- Poster of the film
- Directed by: Mehedi Hasan
- Written by: Parbez Sumon
- Produced by: Syed Mohammad Sohel
- Starring: Symon Sadik; Shirin Shila; Rashed Mamun Apu; Mahamudul Hasan Mithu; Saberi Alam;
- Cinematography: Moshiur Rahman
- Edited by: Touhid Hossain Chowdhury
- Music by: Emon Saha; Shahriar Rafat; Avijit Jitu;
- Production company: Require Real Estate Limited
- Distributed by: BD Filmbuzz
- Release date: January 19, 2024;
- Country: Bangladesh
- Language: Bangla

= Shesh Bazi =

Shesh Bazi is a 2024 Bangladeshi crime thriller film directed by Mehdi Hasan and produced by Syed Mohammad Sohel under the banner of Require Real Estate Limited. The film's story revolves around the impact of gambling on people's lives, starring Symon Sadik, Shirin Shila, Mahamudul Hasan Mithu, Saberi Alam and Rashed Mamun Apu played in the lead roles.
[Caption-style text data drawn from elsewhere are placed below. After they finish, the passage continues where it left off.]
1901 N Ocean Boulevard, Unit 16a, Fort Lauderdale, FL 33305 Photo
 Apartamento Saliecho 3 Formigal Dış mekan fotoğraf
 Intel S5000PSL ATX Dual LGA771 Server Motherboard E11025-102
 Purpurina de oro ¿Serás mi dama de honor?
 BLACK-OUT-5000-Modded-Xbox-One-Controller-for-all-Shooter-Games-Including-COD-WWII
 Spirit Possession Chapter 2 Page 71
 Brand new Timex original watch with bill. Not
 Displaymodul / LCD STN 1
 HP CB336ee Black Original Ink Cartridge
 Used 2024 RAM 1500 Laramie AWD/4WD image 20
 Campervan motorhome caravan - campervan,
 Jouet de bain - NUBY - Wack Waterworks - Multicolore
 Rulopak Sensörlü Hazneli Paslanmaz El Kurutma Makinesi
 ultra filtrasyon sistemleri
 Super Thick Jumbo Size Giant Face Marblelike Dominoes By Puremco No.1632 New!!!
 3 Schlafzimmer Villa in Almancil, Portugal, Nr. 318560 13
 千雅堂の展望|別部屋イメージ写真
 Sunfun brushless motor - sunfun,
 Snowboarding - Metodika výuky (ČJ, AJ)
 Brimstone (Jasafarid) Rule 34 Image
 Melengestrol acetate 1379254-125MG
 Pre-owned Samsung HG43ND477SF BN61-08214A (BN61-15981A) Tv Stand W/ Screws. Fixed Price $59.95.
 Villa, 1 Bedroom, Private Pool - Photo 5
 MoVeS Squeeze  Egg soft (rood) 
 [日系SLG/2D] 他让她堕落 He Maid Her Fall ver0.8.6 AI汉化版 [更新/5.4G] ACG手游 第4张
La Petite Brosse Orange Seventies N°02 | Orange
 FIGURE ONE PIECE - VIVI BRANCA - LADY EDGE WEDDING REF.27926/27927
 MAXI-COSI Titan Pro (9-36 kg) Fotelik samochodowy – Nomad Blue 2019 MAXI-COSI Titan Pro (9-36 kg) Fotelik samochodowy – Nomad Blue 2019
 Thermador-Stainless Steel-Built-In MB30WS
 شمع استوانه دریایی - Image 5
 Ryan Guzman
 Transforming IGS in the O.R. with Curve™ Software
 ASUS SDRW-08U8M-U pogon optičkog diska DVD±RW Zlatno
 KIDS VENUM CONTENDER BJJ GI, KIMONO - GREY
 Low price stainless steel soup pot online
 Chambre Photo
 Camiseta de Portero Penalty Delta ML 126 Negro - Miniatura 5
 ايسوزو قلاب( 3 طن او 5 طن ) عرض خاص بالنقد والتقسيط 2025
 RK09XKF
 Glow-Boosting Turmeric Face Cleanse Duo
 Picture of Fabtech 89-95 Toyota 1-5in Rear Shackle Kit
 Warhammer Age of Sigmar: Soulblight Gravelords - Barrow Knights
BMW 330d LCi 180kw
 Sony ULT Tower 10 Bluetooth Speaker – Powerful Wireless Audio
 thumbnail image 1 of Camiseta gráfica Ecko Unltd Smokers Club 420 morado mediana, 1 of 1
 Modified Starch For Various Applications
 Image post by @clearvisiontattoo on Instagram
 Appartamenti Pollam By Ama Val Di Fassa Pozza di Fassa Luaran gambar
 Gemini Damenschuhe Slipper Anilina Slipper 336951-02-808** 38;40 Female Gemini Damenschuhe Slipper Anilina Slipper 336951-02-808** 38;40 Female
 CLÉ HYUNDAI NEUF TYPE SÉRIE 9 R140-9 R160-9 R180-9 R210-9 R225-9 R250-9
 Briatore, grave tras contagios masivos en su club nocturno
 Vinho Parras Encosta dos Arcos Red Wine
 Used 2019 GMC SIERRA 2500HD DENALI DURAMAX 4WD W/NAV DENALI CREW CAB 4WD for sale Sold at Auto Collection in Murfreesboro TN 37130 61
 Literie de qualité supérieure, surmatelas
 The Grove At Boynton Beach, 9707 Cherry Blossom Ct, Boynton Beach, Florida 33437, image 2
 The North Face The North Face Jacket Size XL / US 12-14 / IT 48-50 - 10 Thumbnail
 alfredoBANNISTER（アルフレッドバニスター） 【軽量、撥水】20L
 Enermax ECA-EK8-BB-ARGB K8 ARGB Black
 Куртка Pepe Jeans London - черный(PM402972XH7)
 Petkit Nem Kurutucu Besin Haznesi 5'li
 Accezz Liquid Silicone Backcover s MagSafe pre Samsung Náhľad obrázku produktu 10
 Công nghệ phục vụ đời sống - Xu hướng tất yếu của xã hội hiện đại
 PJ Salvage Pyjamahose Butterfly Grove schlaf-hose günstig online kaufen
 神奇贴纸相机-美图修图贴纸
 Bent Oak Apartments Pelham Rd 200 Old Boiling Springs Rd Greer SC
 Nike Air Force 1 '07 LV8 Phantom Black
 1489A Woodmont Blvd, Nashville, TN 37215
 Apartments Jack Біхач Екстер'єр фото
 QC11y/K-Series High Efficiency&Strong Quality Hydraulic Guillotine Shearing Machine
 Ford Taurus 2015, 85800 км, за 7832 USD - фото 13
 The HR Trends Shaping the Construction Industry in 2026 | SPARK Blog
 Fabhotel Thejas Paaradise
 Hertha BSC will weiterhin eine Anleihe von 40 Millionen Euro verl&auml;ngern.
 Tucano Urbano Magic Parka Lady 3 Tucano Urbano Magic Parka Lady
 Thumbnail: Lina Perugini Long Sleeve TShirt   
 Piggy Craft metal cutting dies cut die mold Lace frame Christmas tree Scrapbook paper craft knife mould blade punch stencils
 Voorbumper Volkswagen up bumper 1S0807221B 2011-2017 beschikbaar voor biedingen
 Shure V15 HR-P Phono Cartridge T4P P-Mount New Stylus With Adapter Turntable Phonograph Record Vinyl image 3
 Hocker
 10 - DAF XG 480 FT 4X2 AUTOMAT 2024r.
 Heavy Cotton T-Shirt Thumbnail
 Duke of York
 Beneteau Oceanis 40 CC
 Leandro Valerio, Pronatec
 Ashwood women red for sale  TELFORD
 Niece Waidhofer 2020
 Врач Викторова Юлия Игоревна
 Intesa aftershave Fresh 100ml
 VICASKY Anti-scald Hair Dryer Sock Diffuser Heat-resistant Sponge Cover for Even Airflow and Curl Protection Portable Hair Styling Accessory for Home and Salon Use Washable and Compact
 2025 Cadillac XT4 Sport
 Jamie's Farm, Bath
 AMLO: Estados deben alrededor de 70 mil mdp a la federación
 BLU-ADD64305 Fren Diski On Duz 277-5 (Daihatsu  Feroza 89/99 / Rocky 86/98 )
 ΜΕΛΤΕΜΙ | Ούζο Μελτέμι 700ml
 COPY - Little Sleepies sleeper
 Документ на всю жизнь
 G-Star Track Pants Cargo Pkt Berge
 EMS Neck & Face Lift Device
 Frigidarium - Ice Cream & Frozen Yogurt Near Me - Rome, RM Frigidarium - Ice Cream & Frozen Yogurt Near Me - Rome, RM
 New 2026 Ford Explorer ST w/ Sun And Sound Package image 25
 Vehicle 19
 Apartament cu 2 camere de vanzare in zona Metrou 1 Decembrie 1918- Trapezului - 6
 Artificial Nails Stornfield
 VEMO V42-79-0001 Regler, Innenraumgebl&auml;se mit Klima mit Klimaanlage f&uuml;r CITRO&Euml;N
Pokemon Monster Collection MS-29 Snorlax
Symon Sadik was nominated for Meril-Prothom Alo Award for Best Film Actor for his role in this film.

== Cast ==
- Symon Sadik as Shahed
- Shirin Shila
- Mahamudul Hasan Mithu as Jaman
- Rashed Mamun Apu as Ripon
- Saberi Alam
- Sylvi
- Asura Nowren Priya Ananya as item girl in the song "Tui Boro Seyna Bondhu"

== Music ==
The film's soundtrack is composed by Emon Saha, Shahriar Rafat and Avijit Jitu. All the songs released on YouTube by Tiger Media and BDFilm Buzz.

Track listing
| No. | Title | Lyrics | Music | Singer(s) | Length |
|---|---|---|---|---|---|
| 1. | "Ei Mone Hoi Jitya Gechi" | Shejul Hossain | Avijit Jitu | Raz Hasan | 2:54 |
| 2. | "Tui Boro Sheyana Bondhu" | Shejul Hossain | Shahriar Rafat | Shahriar Rafat and Shikriti | 4:02 |

== Filming ==
The film was shot in June 2023 at different locations in Dhaka and Rajshahi, Bangladesh.

== Release ==
The first look poster of the film was revealed on the occasion of Victory Day on December 16, 2023. Its second look poster was revealed on the occasion of New Year, which went viral.

The film was cleared by the Bangladesh Film Censor Board without any cuts on October 30, 2023. It was released on January 19, 2024, in 19 theaters clashing with Kagojer Bou and the Indian Bengali-language film Hubba, imported to Bangladesh.